● PROBLEM DESCRIPTION
Set down only these lines, exactly: the line containing "Bandaged injured leg" and all lines through the end of the data below. Omit pictures.

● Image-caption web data
*** Block opens ***
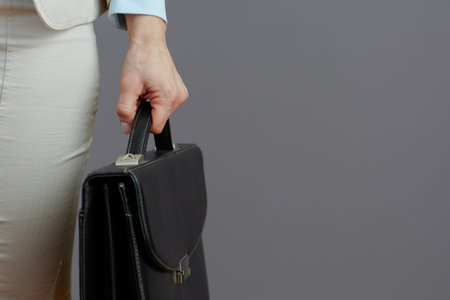 Closeup on woman worker with briefcase against gray background.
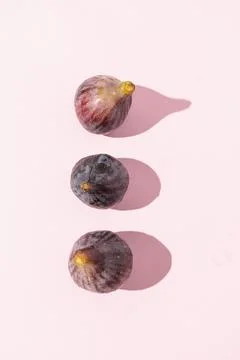 Overhead View of Three Fresh Figs on Light Pink Surface Stock Photos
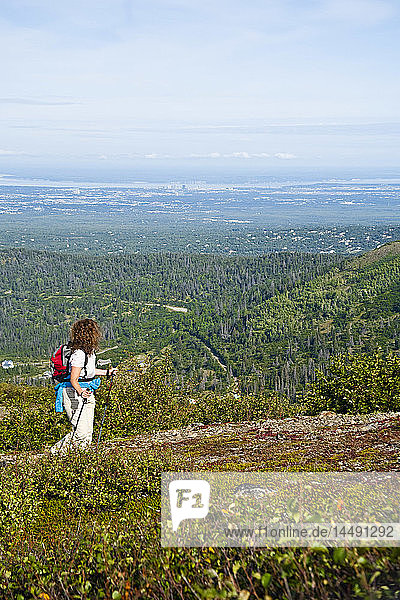 Woman hiking on McHugh Peak trail in Chugach State Park with Anchorage  Alaska in background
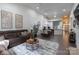 Open-concept living room and dining area flowing into the kitchen with comfortable seating at 4637 Willow Glen Rd, Harrisburg, NC 28075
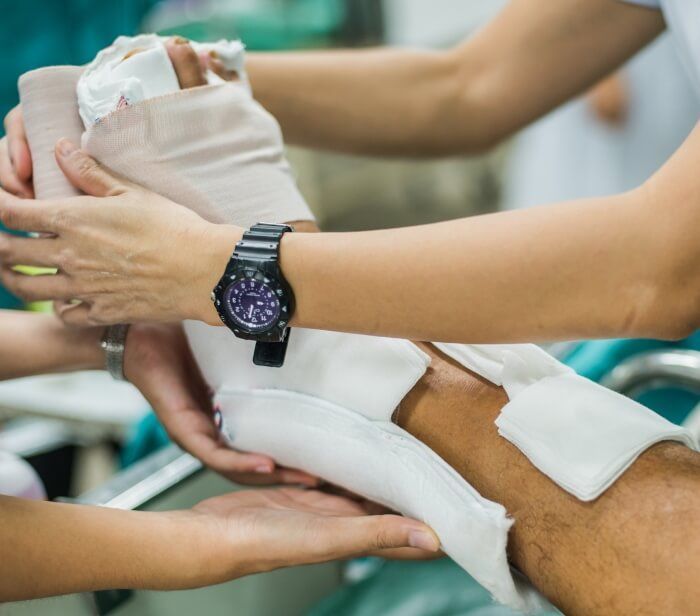 Bandaged injured leg being supported by hands in a medical setting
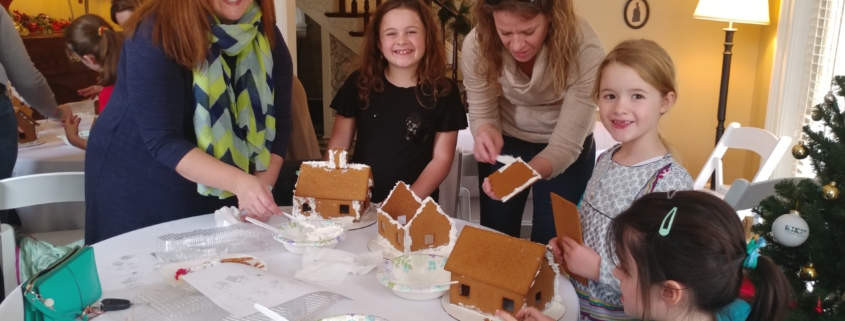 Mothers with children actively building gingerbread house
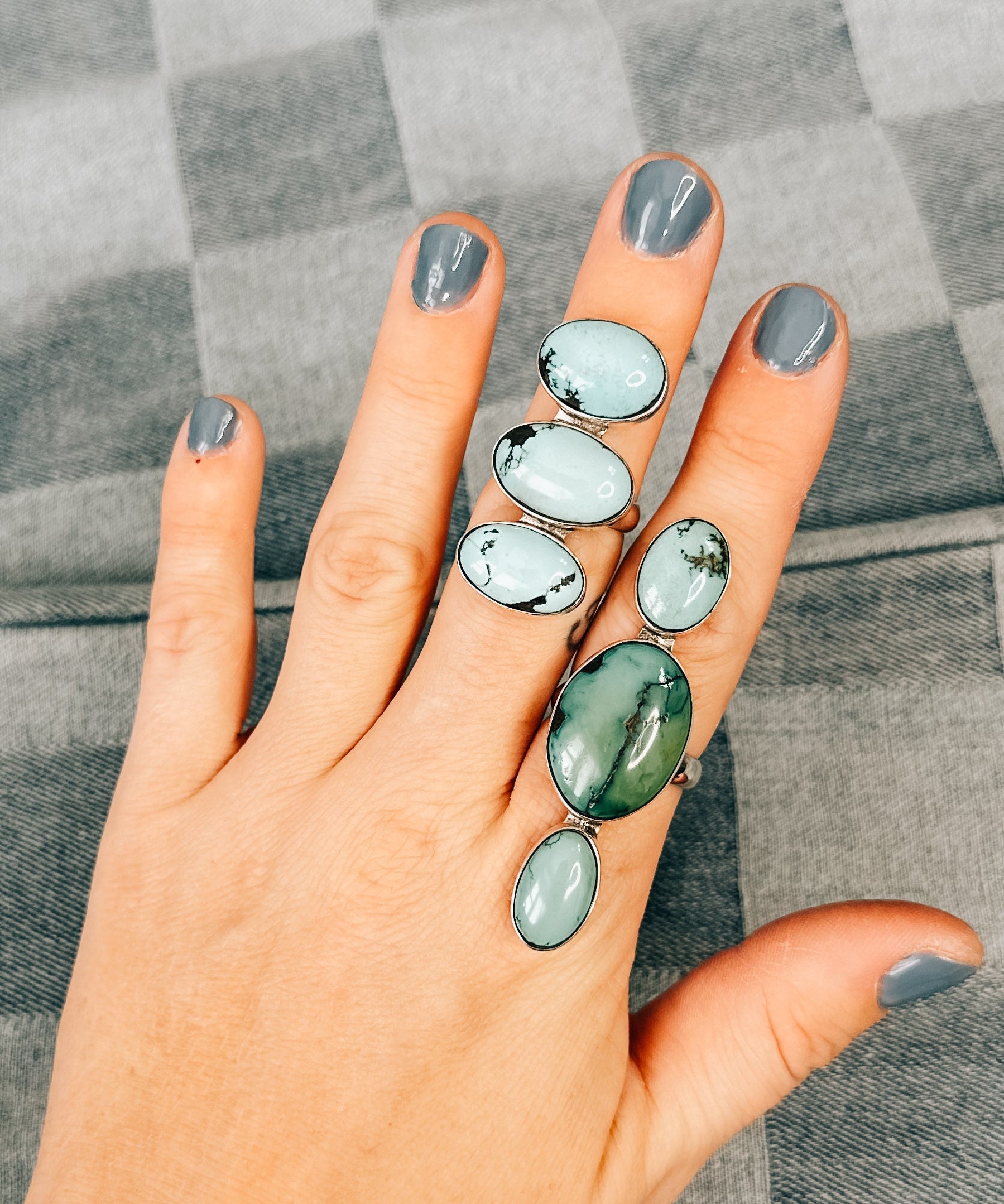 A hand displaying a triple ring with Kingman Turquoise stones, set in silver, on a textured grey background.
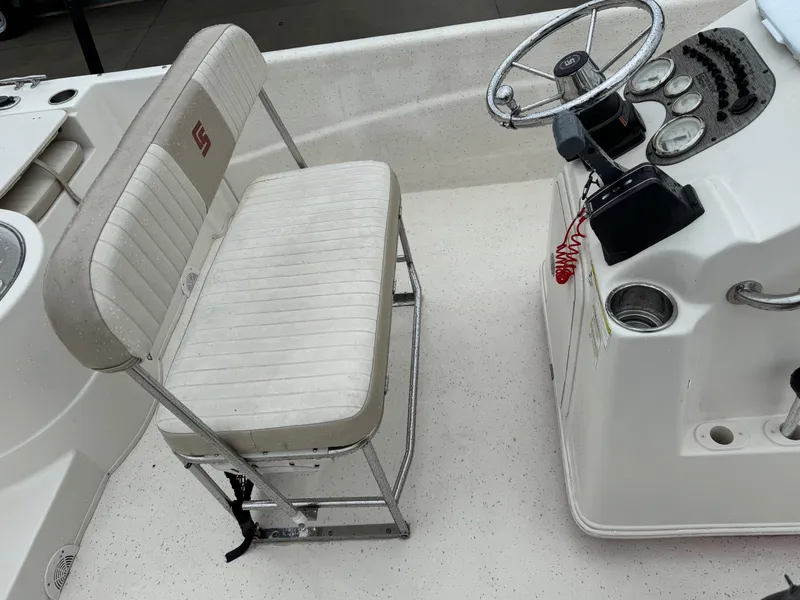 Slide: The Image of 2014 Carolina Skiff 218 DLV boat interior with steering console and seating. - 13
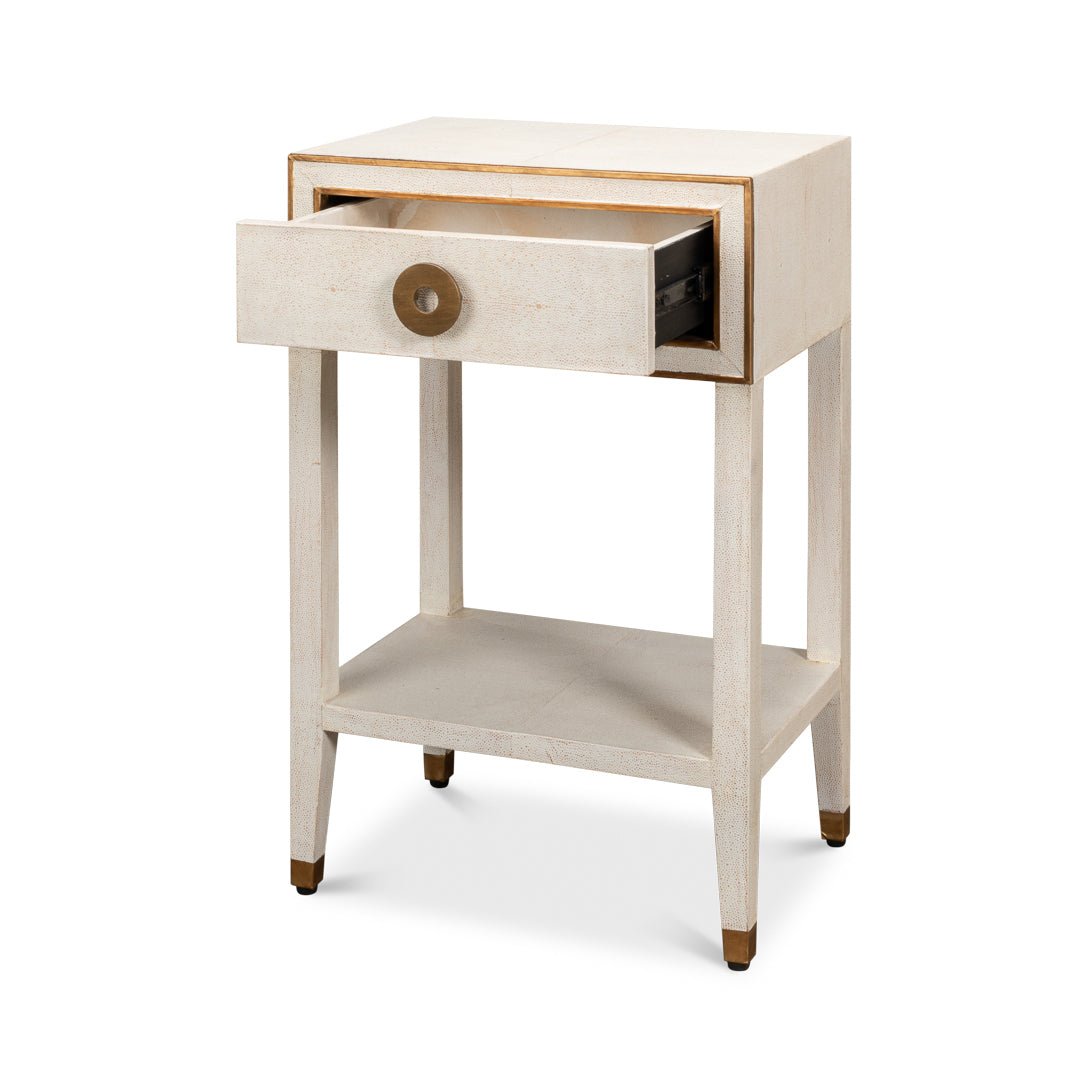 Art Deco white nightstand with drawer open.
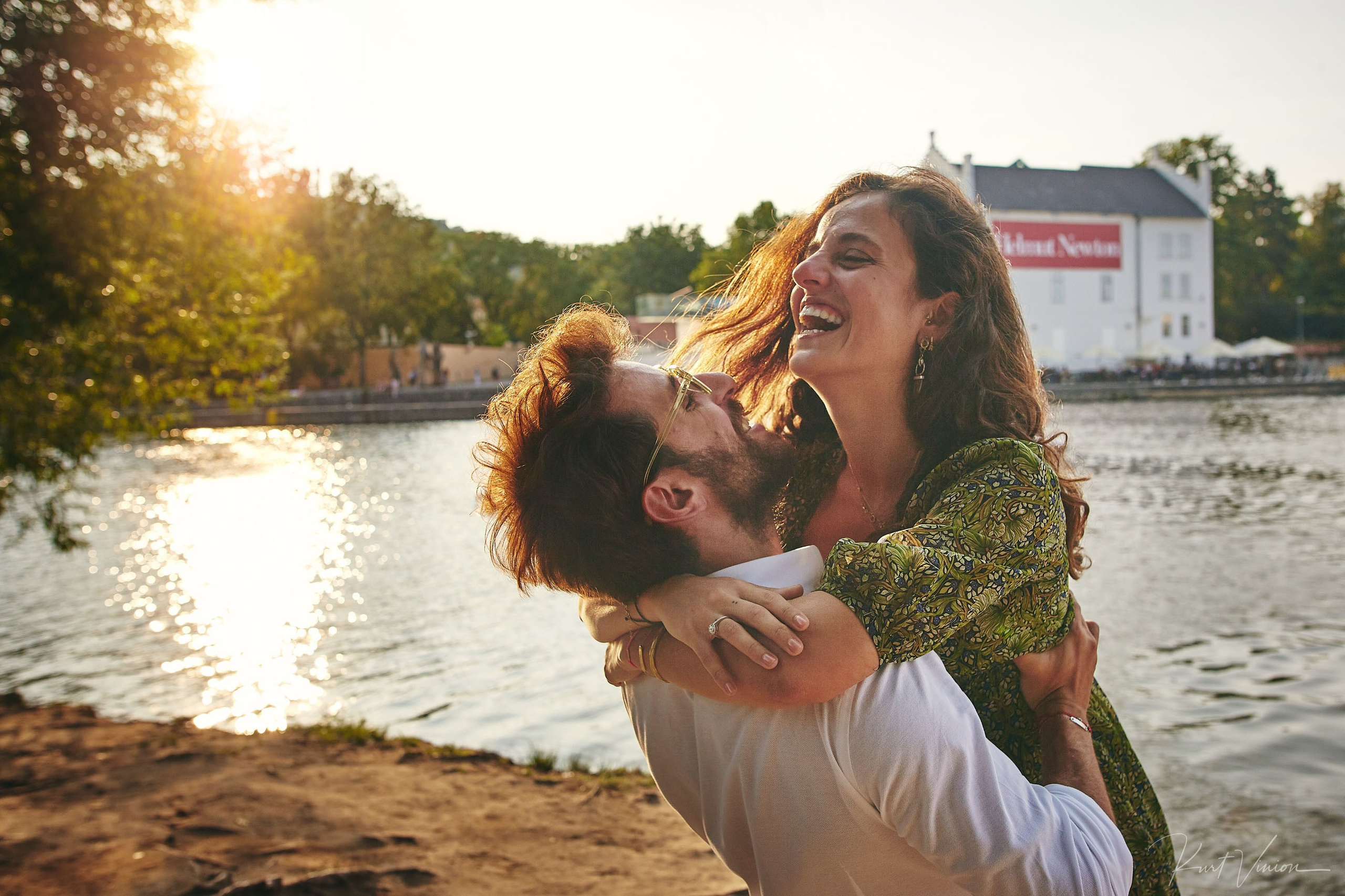 Man wearing sunglasses spins laughing fiancée in the sunlight by Kampa riverbank in Prague.
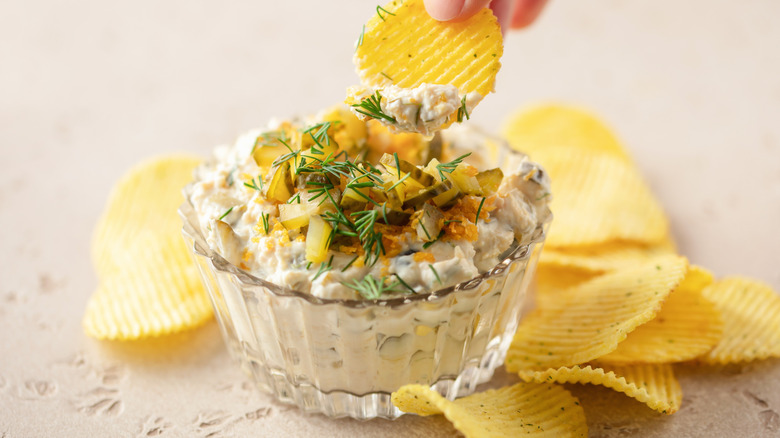 Person dipping chips into bowl of pickle cream cheese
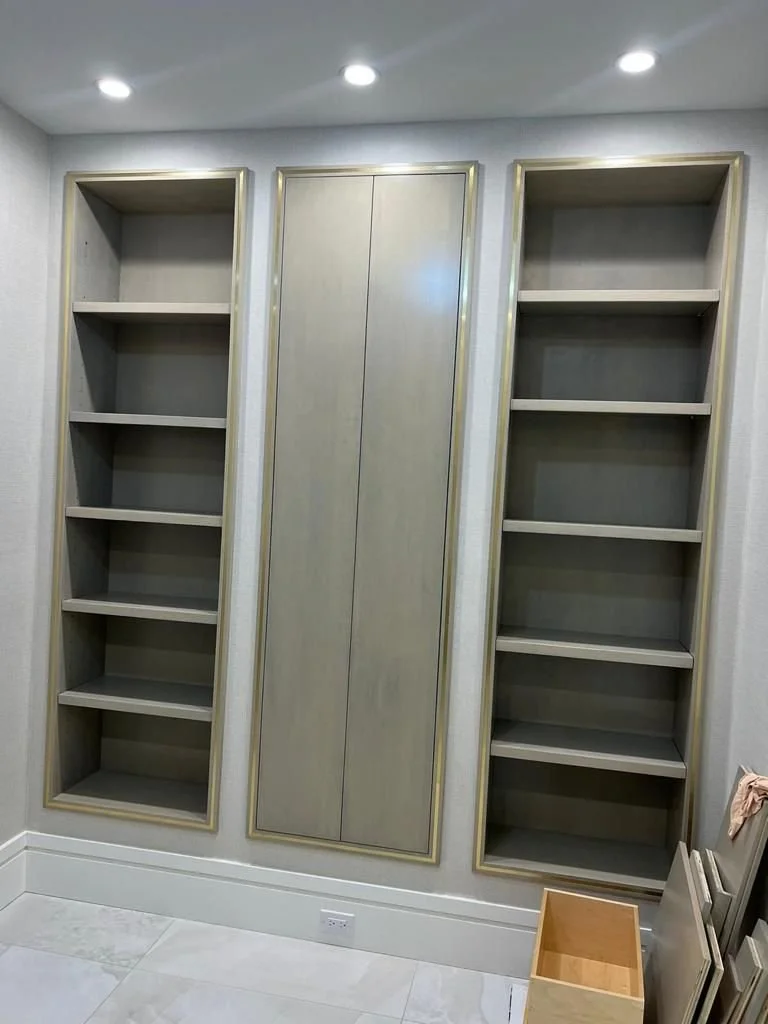 Empty built-in bookshelves and a closed cabinet wall in a room with recessed ceiling lights and light-colored floor tiles.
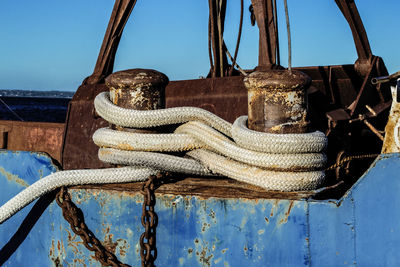 Rope on boat against sky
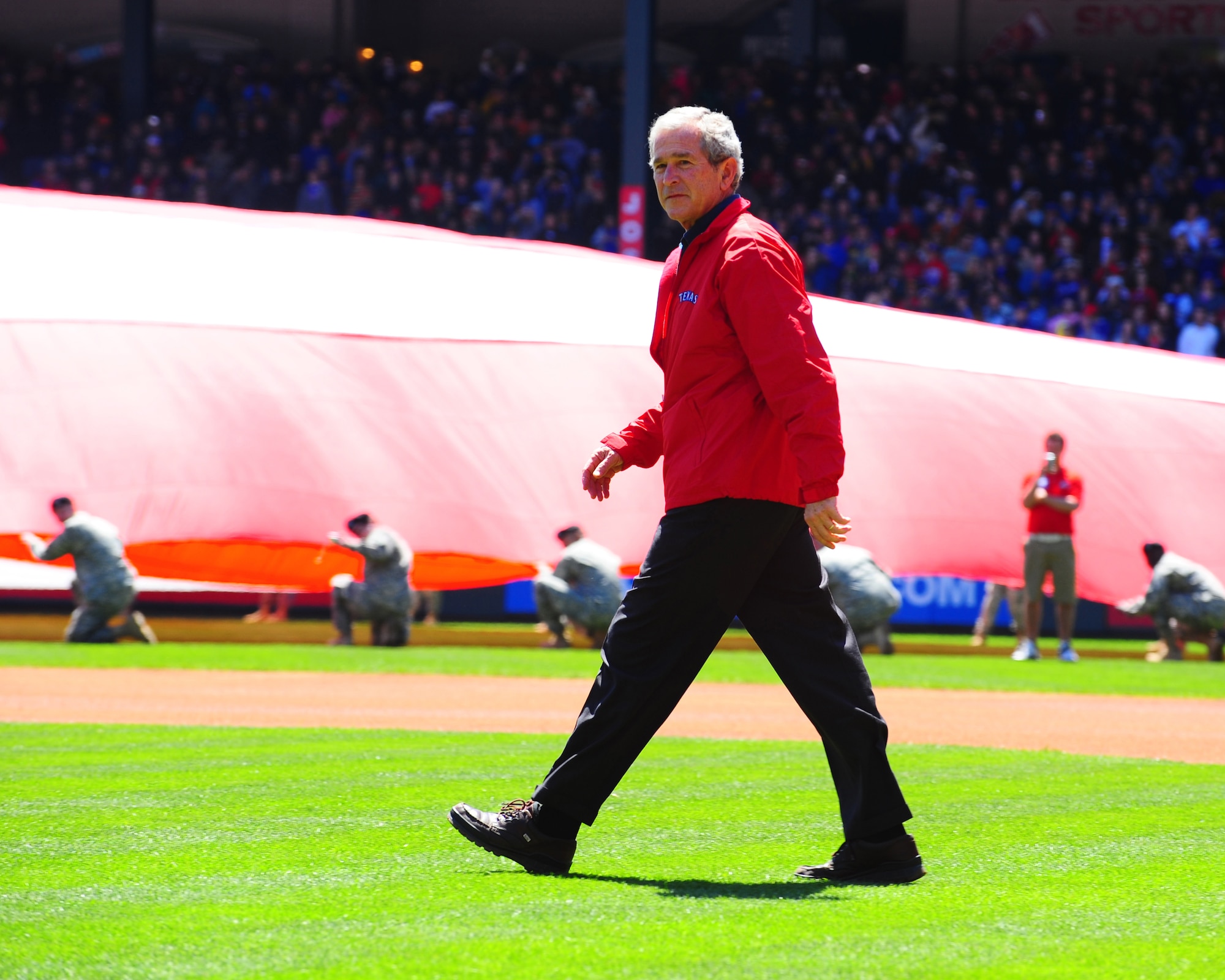 ARLINGTON, Texas - Former President George W. Bush is introduced to throw out the first pitch at opening day. The former president was among many honories at the celebration to kick off the regular seaason for the Texas Rangers. (U.S. Air Force phot by Staff Sgt Alan Garrison)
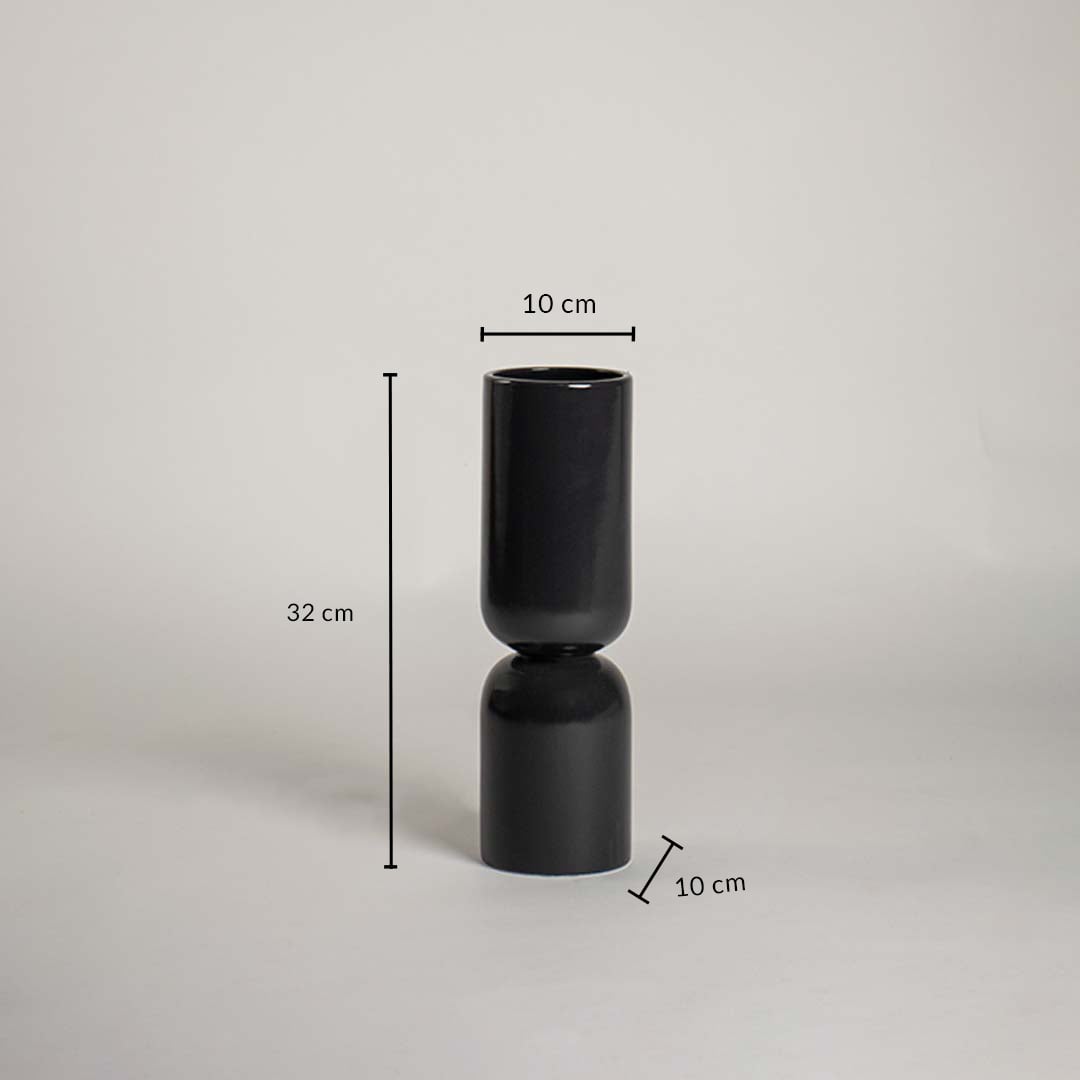 Black ceramic vase with 32 cm height and 10 cm width shown clearly for accurate interior decor size reference and planning.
*** Block closes ***
● ANSWER TO THE PROBLEM
 Bandaged injured leg being supported by hands in a medical setting
 Mothers with children actively building gingerbread house
 A hand displaying a triple ring with Kingman Turquoise stones, set in silver, on a textured grey background.
 Slide: The Image of 2014 Carolina Skiff 218 DLV boat interior with steering console and seating. - 13
 Art Deco white nightstand with drawer open.
 Man wearing sunglasses spins laughing fiancée in the sunlight by Kampa riverbank in Prague.
 Person dipping chips into bowl of pickle cream cheese
 Empty built-in bookshelves and a closed cabinet wall in a room with recessed ceiling lights and light-colored floor tiles.
 Rope on boat against sky
 ARLINGTON, Texas - Former President George W. Bush is introduced to throw out the first pitch at opening day. The former president was among many honories at the celebration to kick off the regular seaason for the Texas Rangers. (U.S. Air Force phot by Staff Sgt Alan Garrison)
 Black ceramic vase with 32 cm height and 10 cm width shown clearly for accurate interior decor size reference and planning.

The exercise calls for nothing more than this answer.